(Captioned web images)
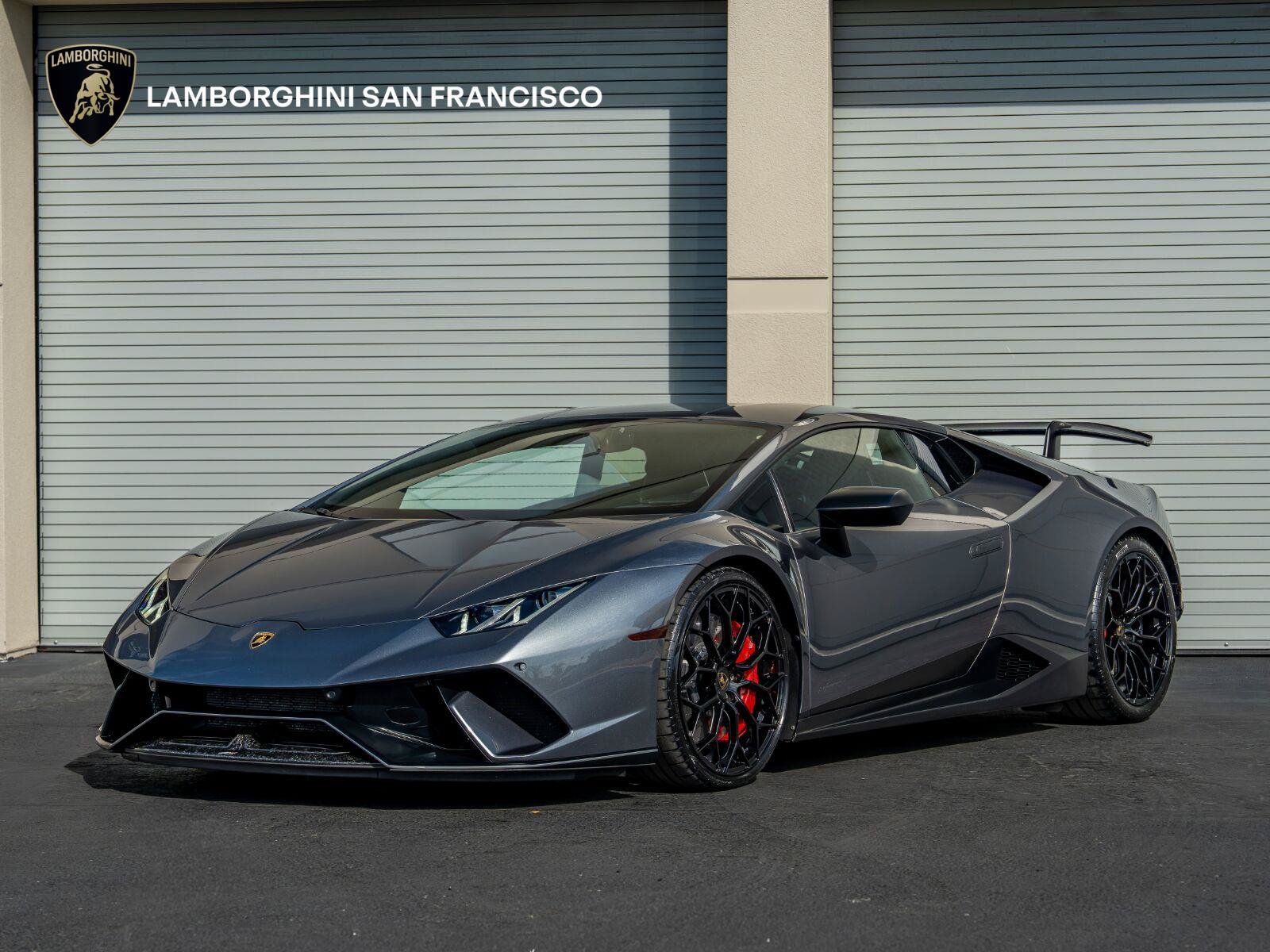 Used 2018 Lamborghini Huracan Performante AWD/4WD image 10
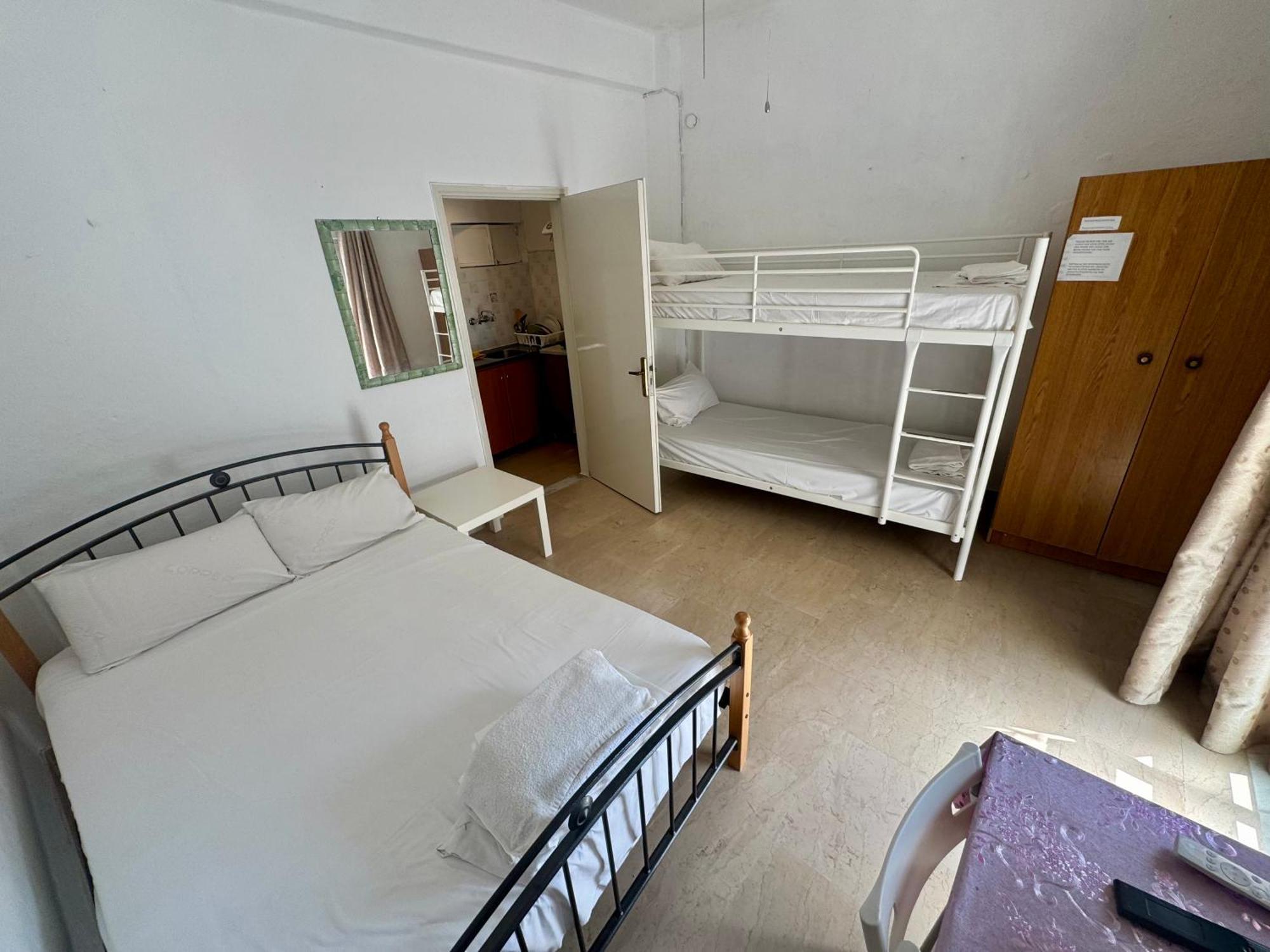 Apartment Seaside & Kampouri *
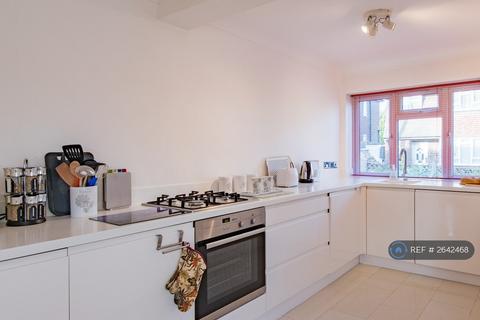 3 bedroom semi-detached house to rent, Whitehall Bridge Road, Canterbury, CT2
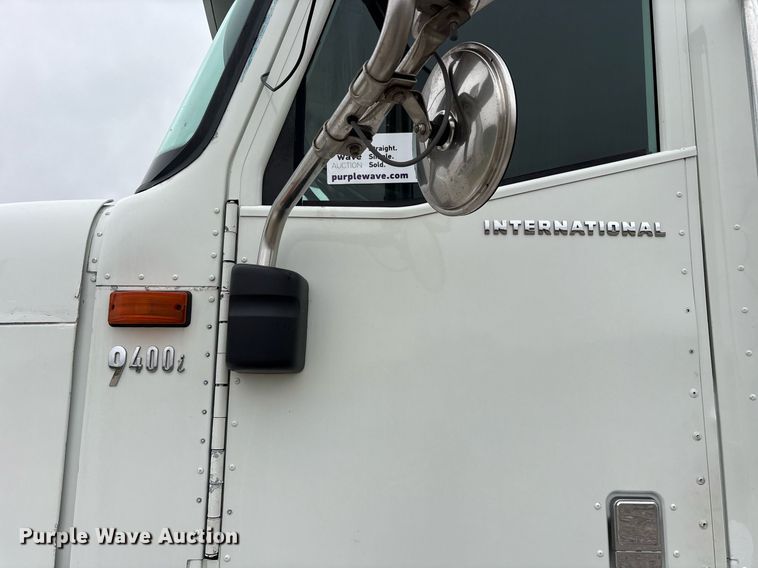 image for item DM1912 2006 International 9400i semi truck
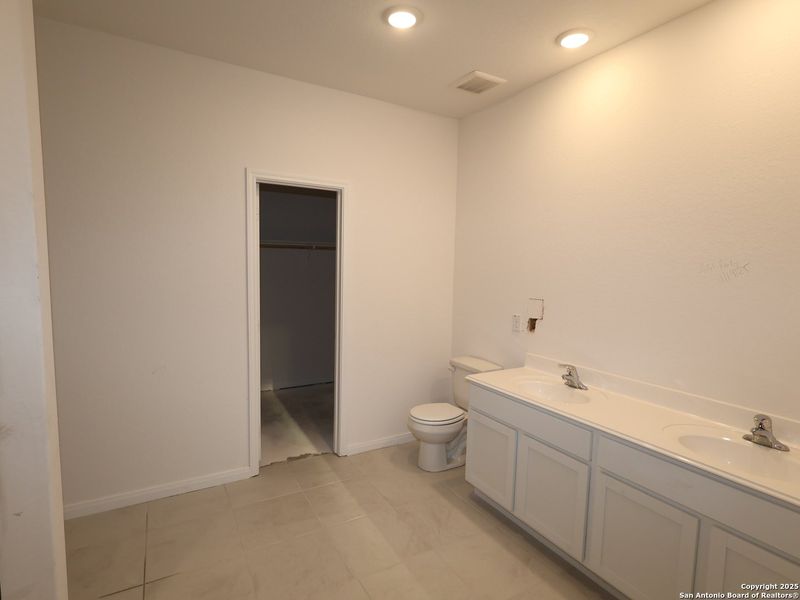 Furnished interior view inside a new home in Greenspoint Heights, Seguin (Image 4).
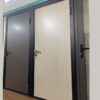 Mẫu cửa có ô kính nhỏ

...

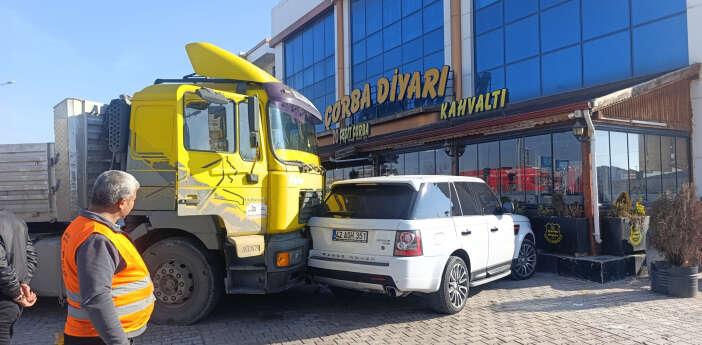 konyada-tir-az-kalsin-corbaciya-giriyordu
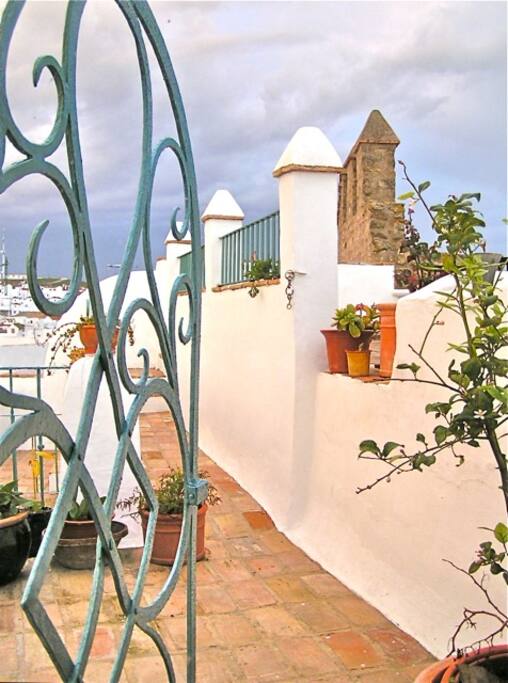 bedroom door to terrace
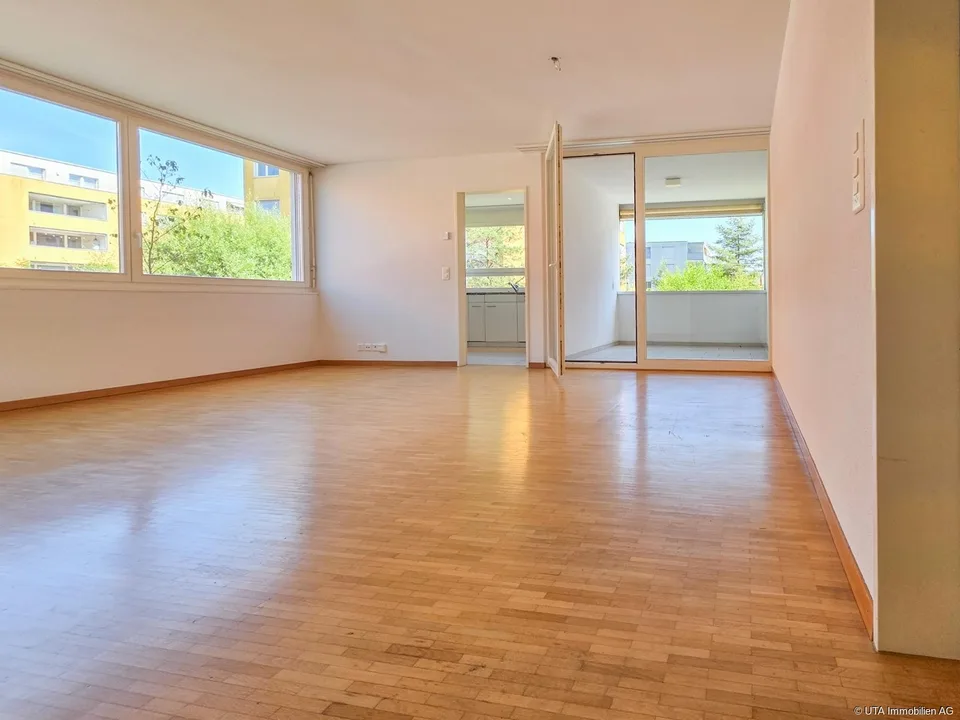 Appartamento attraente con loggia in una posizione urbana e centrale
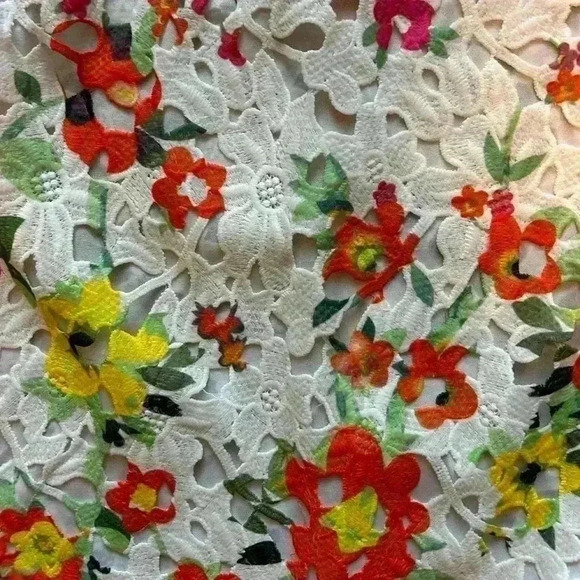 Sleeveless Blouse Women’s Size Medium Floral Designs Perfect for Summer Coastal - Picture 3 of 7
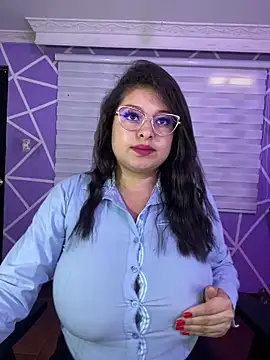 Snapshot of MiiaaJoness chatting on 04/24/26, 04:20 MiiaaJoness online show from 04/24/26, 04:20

**EXERCISE DESCRIPTION:**
Starting from the line with "Used 2018 Lamborghini" in the records above, repeat each line exactly until you have written the line with "Mẫu cửa có ô kính nhỏ", then stop; drop the pictures.

**SOLUTION:**
 Used 2018 Lamborghini Huracan Performante AWD/4WD image 10
 Apartment Seaside & Kampouri *
 3 bedroom semi-detached house to rent, Whitehall Bridge Road, Canterbury, CT2
 image for item DM1912 2006 International 9400i semi truck
 Furnished interior view inside a new home in Greenspoint Heights, Seguin (Image 4).
 Mẫu cửa có ô kính nhỏ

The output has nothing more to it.